ABOUT THIS TASK: Go to the line with "Spolvätskemunstycke strålkastare från SEIM" in the records below, then output it and each following line exactly, up to and including the line with "Villa in Rabac, Kroatien". Skip pictures and add nothing.

MATERIAL TO PROCESS:
____

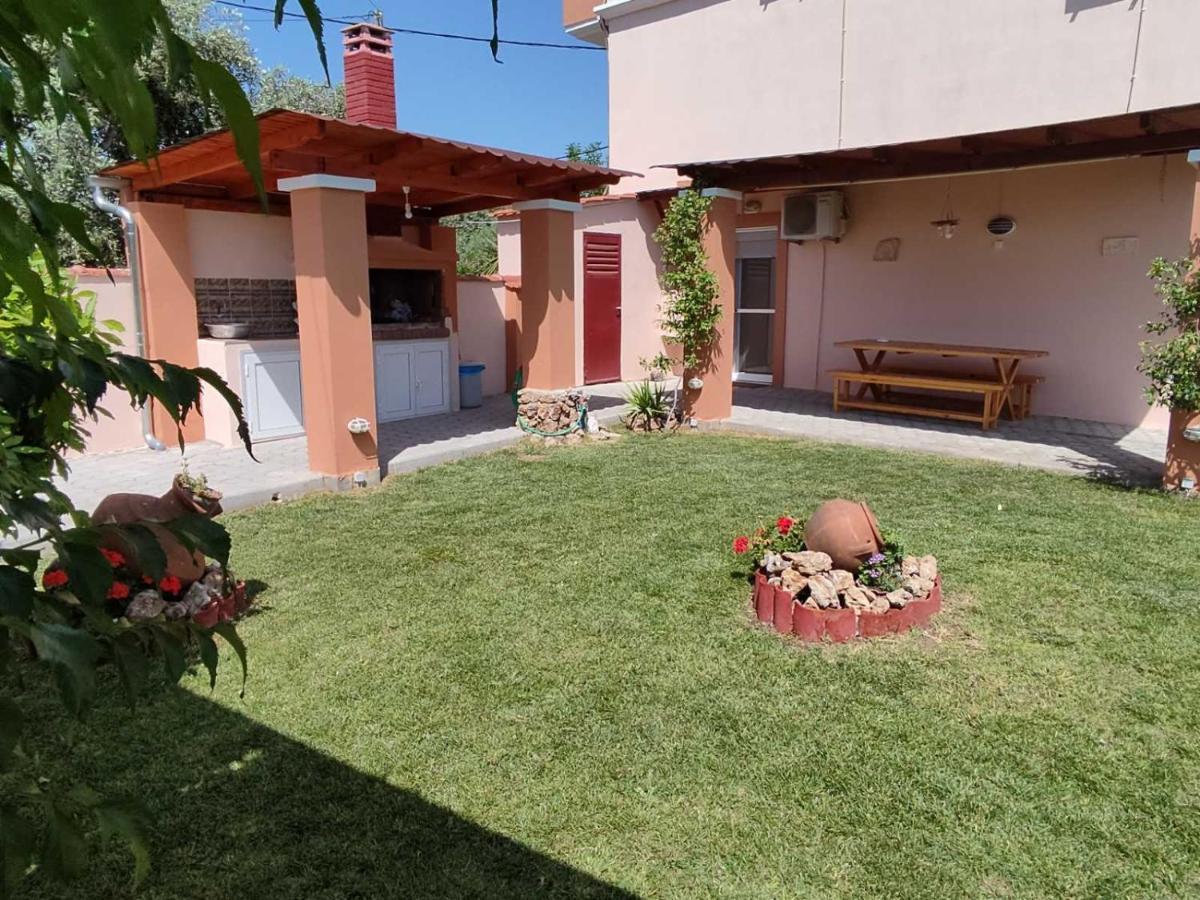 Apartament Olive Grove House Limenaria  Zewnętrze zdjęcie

____

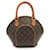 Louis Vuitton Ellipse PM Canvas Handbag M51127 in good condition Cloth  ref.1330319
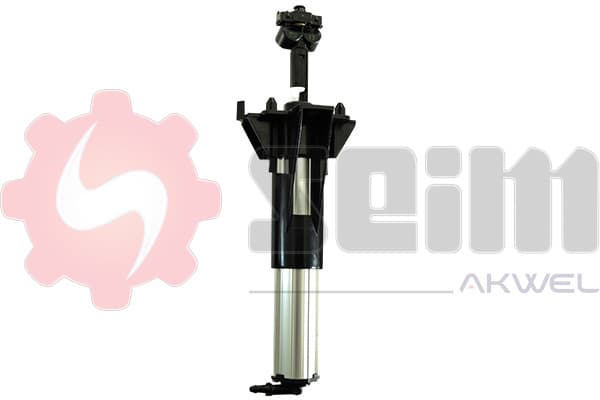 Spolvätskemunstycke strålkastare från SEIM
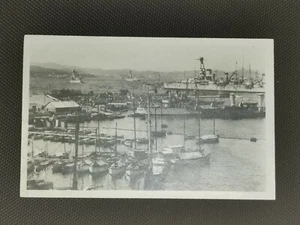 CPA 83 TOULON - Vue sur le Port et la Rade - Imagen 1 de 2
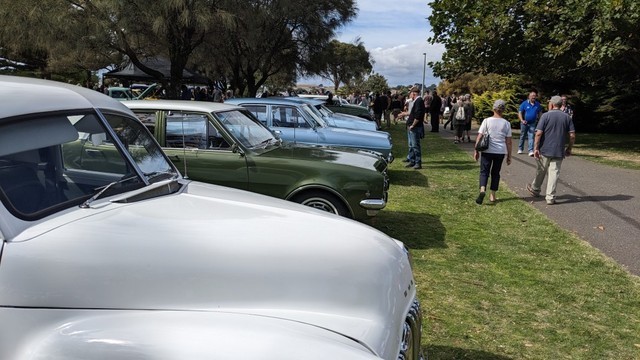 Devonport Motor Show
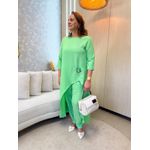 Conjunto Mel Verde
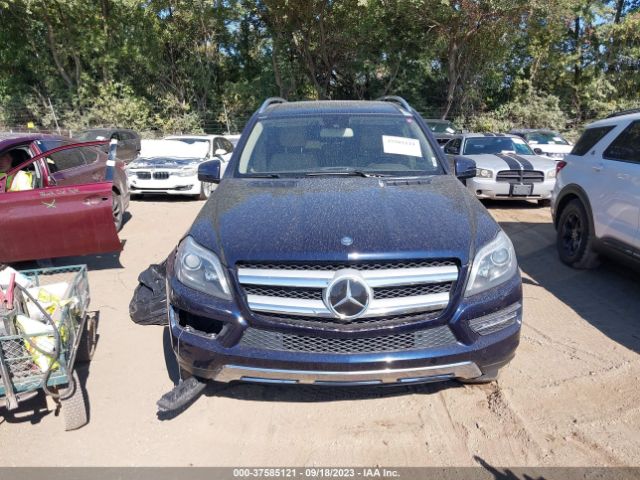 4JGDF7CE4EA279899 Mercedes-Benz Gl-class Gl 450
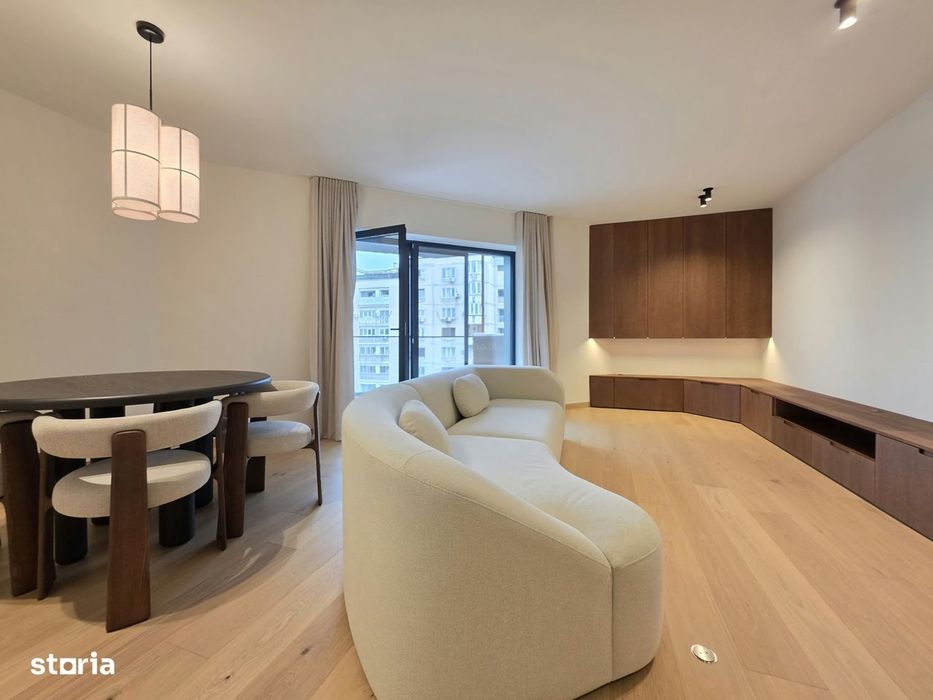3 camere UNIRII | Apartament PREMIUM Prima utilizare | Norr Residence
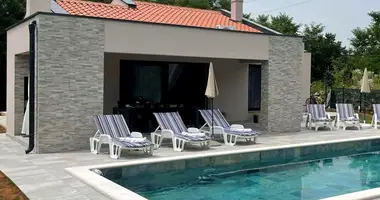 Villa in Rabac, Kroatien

____

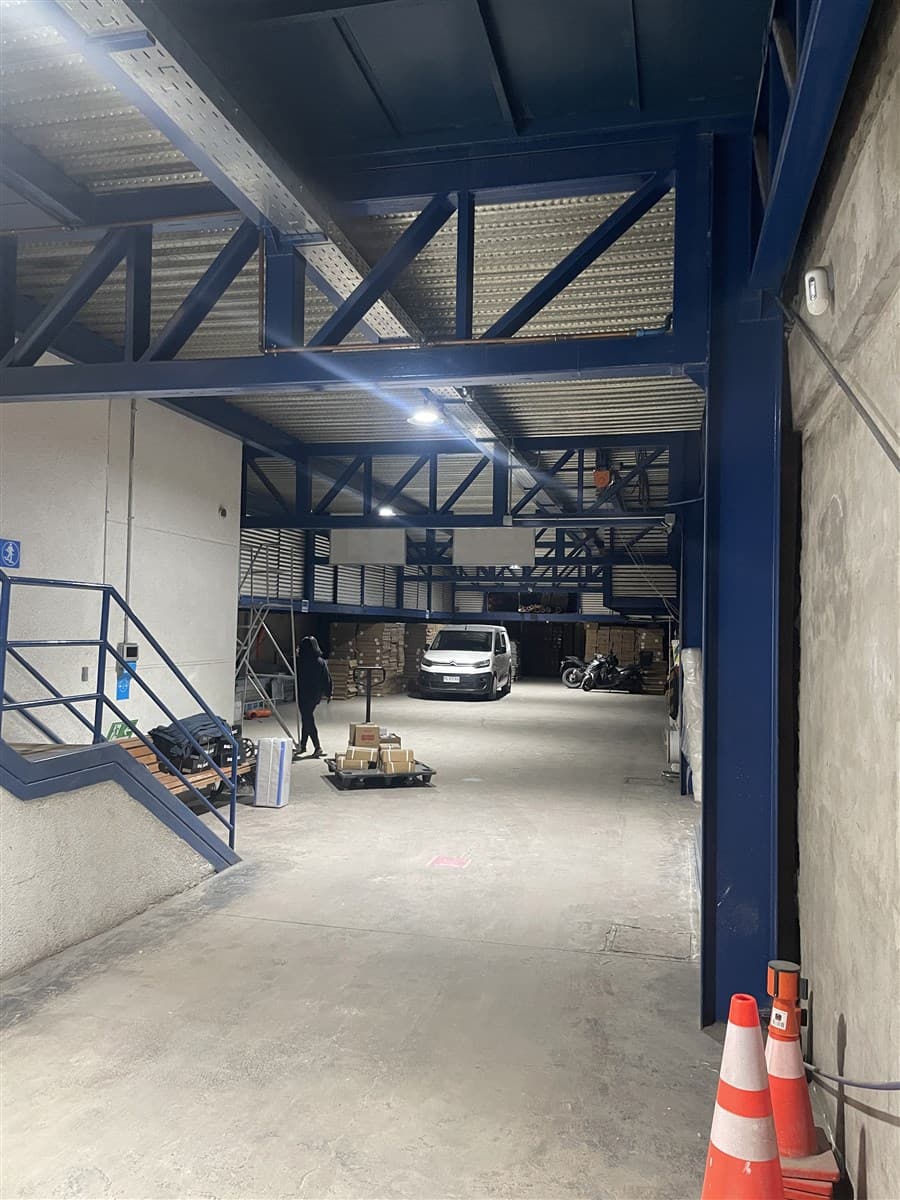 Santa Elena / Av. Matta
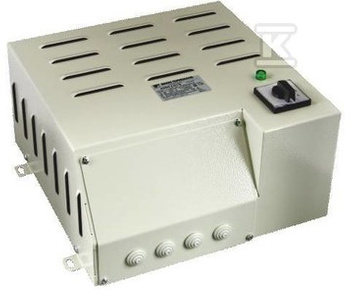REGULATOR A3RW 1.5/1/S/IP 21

____

WRITTEN RESPONSE:
 Spolvätskemunstycke strålkastare från SEIM
 CPA 83 TOULON - Vue sur le Port et la Rade - Imagen 1 de 2
 Devonport Motor Show
 Conjunto Mel Verde
 4JGDF7CE4EA279899 Mercedes-Benz Gl-class Gl 450
3 camere UNIRII | Apartament PREMIUM Prima utilizare | Norr Residence
 Villa in Rabac, Kroatien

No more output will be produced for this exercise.